Coffee review

On the difference between Arabica Coffee and Robusta Coffee Manning cat shit is like shit coffee beans

Published: 2024-11-05 Author: World Gafei
Last Updated: 2024/11/05, Global coffee bean tree species are mainly divided into Arabica and Robusta, of which Arabica coffee beans account for about 65% and 80%. Arabica coffee has harsh planting conditions, weak disease resistance, high altitude requirements, slow growth, high quality, and fine processing of raw beans. Arabica coffee beans are elegant and slender in shape, with large and uniform grains, and different producing areas have their own.

The global coffee bean species are mainly divided into Arabica and Robusta, of which Arabica coffee beans account for about 65%-80%.

Arabica coffee planting conditions are more stringent, disease resistance is weak, altitude requirements are higher, growth is slower, quality is higher, and green beans are more refined. Arabica coffee beans are delicate and slender in shape, relatively large and uniform in size, different in origin with different flavors and aromas, rich in taste and different in taste! This makes it the only coffee of these native species that can be drunk directly and alone, as a single serving or as an Italian blend.

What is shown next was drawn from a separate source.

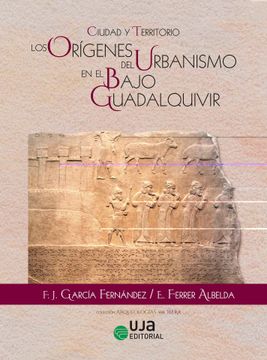 portada Ciudad y Territorio: Los Orígenes del Urbanismo en el Bajo Guadalquivir (Arqueologías)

Robusta coffee is adaptable, easy to grow, fast growing, high yield, and generally low quality raw beans (there are also a small amount of washed refined Robusta). Robusta coffee is round and rough in appearance, relatively small in size, mixed in beans, bright and strong in flavor, mainly bitter, with a bad rubber taste or moldy odor due to its low level of raw bean processing, most of the Robusta coffee beans are not suitable for drinking as single coffee, and a few Robusta beans are used as Italian blending ingredients, and the proportion is very low (but it is not excluded that very few high-quality Robusta beans can reach more than half). Robusta coffee is generally used in industrial coffee production such as instant coffee (which produces about twice the amount of coffee extracted from Arabica), canned coffee, and liquid coffee. The caffeine content is much higher than that of Arabica, which is about 3.2%.